En cambio, sus flaquezas más notorias se ubican en la construcción dramática del relato, que se revela sesgada y desequilibrada. Escrito inicialmente por Armando Coll y Rísquez, sobre la base del conflicto entre el artista y su entorno, el guión fue completado por el actor Luigi Sciamanna, quien no se limitó a interpretar al “loco de Macuto” sino que se propuso enriquecerlo como personaje. Ese objetivo se cumplió, a todas luces, y es por ello que la presencia de Reverón ocupa el noventa y cinco por ciento de los planos del film. Pero por otra parte, el guión elige un periodo de su vida signado por el aislamiento y el combate con el mundo exterior. Evade las consideraciones de su participación en el Círculo de Bellas Artes —en la segunda década del siglo pasado— y su aprendizaje estético en Europa, para centrarse en su reclusión en la costa venezolana a partir de 1930. De hecho, la película comienza cuando el artista —ataviado con lo que parece un traje de luces y ejecutando pases de capote, en referencia a la lejana España— conoce a Juanita en una fiesta de tambores y se la lleva a su castillete en Macuto, donde comienza su aislamiento del mundo al amparo del amor de su vida. El Reverón de Rísquez es el Reverón de Juanita. No en balde, la película comienza de verdad y de forma tardía cuando la joven mujer le pregunta —le increpa, más bien— si ella es su mujer. El lazo afectivo. Allí está el primer conflicto real del guión. Porque en el fondo se trata de una historia de amor entre un loco genial y la mujer que lo impulsa a pintar y vivir.

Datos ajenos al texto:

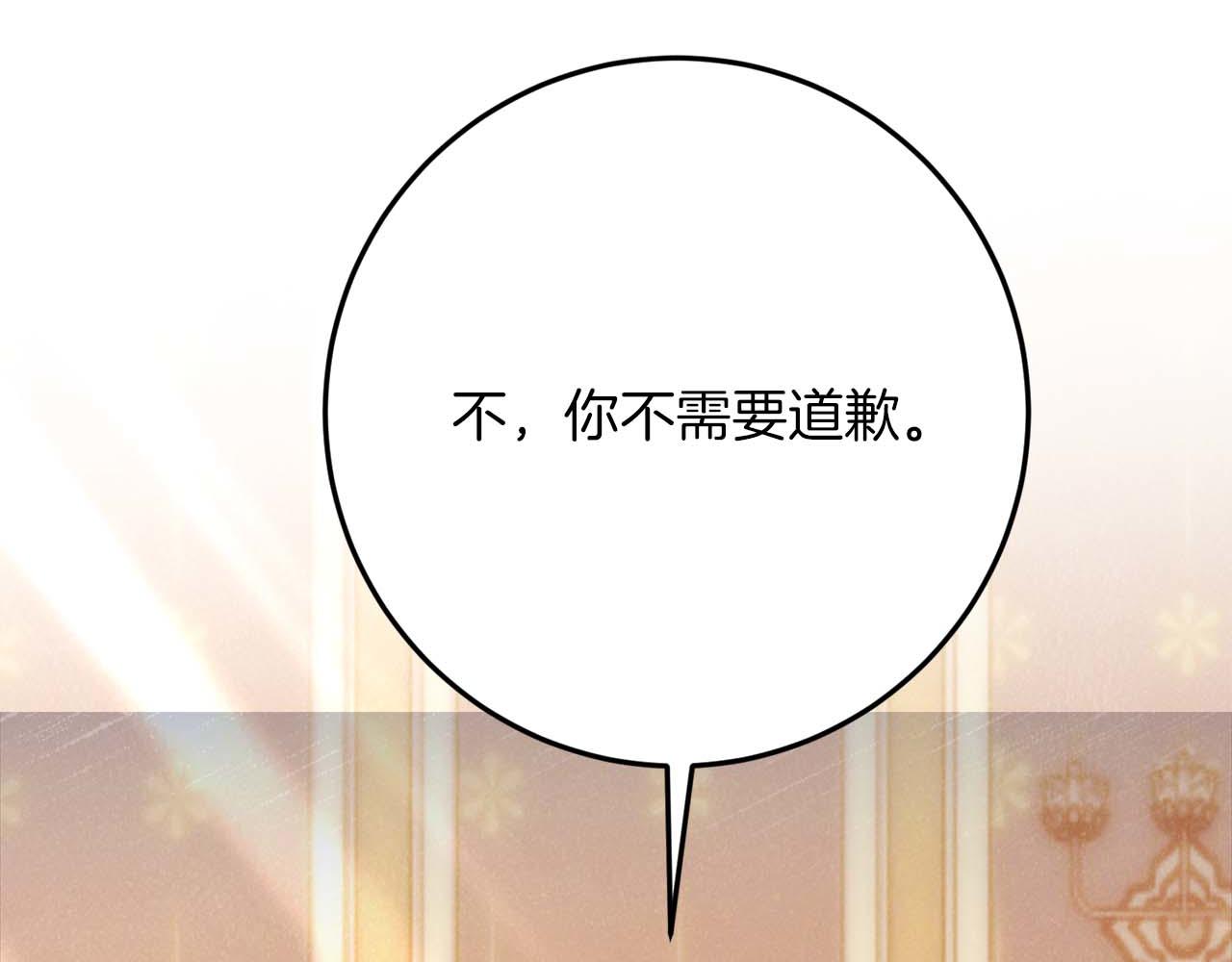第44话 自私的先皇后，背负一切伤痛的皇帝70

El realizador  argumenta que no quiso repetir el tono biográfico de Francisco de Miranda y prefirió concentrarse en la etapa más productiva y trascendente del pintor, lo cual es perfectamente respetable. Sin embargo, el guión no nos permite conocer las razones de la ruptura con el exterior que conduce a ese periodo fundamental de su trabajo. Simplemente parte de esa situación. De la misma manera, tampoco sabemos cómo el pintor ruso Ferdinandov influyó en su trabajo o cuáles fueron sus vínculos iniciales con otros notables artistas de su generación, como Cabré y López Méndez. Pero lo más importante es que expone de manera superficial su relación con el crítico e historiador del arte Alfredo Boulton, primero, y con el brillante poeta Vicente Gervasi, después, reducidos a meras estampas inexplicadas de su relación con el mundo “de afuera” en contraposición con su mundo “de adentro”. Lo mismo sucede con Oscar Yanes y otros personajes reales. Asimismo forma parte de la historia que Reverón entró y salió varias veces del manicomio y no una vez. Se trata de un desequilibrio dramático que afecta la apreciación global de la película y reduce el impacto medular del trabajo de imagen.

El poderoso imaginario del pintor plena la pantalla y seduce al espectador, a través de sus obras, de su mirada, de su demencia… y de la actuación de Luigi Sciamanna, quien se crece de manera sorprendente. Muchos han aplaudido lo que consideran el primer papel protagónico de un actor venezolano que ha labrado una carrera brillante en roles secundarios en la producción venezolana, pero debo recordarles que Sciamanna debutó en el cine con mucha fuerza interpretando a Antonio José de Sucre en el Sucre que Alhida Ávila  presentó en 1995, en el marco del bicentenario del hombre que salió de su natal Cumaná siendo casi un adolescente para conducir la liberación de la América andina al lado de Bolívar. Lamentablemente ese film  tuvo una exhibición demasiado reducida y casi nadie lo recuerda. Ya entonces el actor venezolano manifestó sus dotes como intérprete. En la escena final, cuando moría el Mariscal de Ayacucho en el atentado en Berruecos, Sciamanna dejó escapar su última palabra: ¡Cumaná!

Reverón revela la madurez de Rísquez como autor. Sin duda alguna es su trabajo más completo y más fluido, capaz de estrechar los vínculos con el espectador sin traicionar sus postulados estéticos. Un cine muy personal y a la vez colectivo que sigue haciendo películas sobre personajes que pertenecen a nuestro patrimonio —Bolívar, Miranda, Manuela, ahora Reverón—pero desde el punto de vista de un creador que ha comprendido la complejidad del mito.